Daniele Cardelli

Personal information
- Date of birth: 16 March 1995 (age 31)
- Place of birth: Pescia, Italy
- Height: 1.80 m (5 ft 11 in)
- Position: Goalkeeper

Team information
- Current team: Pistoiese

Youth career
- 0000–2010: Margine Coperta
- 2010–2011: Borgo a Buggiano
- 2011–2014: Empoli

Senior career*
- Years: Team / Apps / (Gls)
- 2013–2014: Empoli / 0 / (0)
- 2013–2014: → Fortis Juventus (loan) / 34 / (0)
- 2014–2016: Pontedera / 45 / (0)
- 2016: Latina / 0 / (0)
- 2016–2019: Pisa / 7 / (0)
- 2017–2018: → Casertana (loan) / 19 / (0)
- 2019: → Cuneo (loan) / 17 / (0)
- 2020: Pontedera / 0 / (0)
- 2020–2021: Socc.
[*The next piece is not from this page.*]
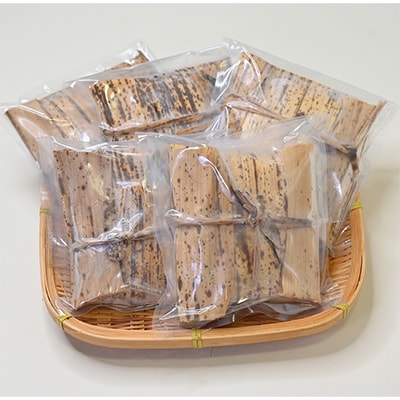 近江牛すき焼きおこわ　竹皮包み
Borghetto / 0 / (0)
- 2021–2023: San Donato / 65 / (0)
- 2024–2025: Livorno / 21 / (0)
- 2025–2026: Grosseto / 2 / (0)
- 2026–: Pistoiese / 0 / (0)

= Daniele Cardelli =

Italian football player (born 1995)

Daniele Cardelli (born 16 March 1995) is an Italian footballer who plays as a goalkeeper for Serie D club Pistoiese.

==Club career==
He made his professional debut in the Lega Pro for Pontedera on 20 December 2014 in a game against Carrarese.

On 31 January 2019, he joined Cuneo on loan.

On 3 September 2019, his contract with Pisa was dissolved by mutual consent.

On 21 January 2020 he returned to Pontedera.

On 18 July 2021, he moved to San Donato.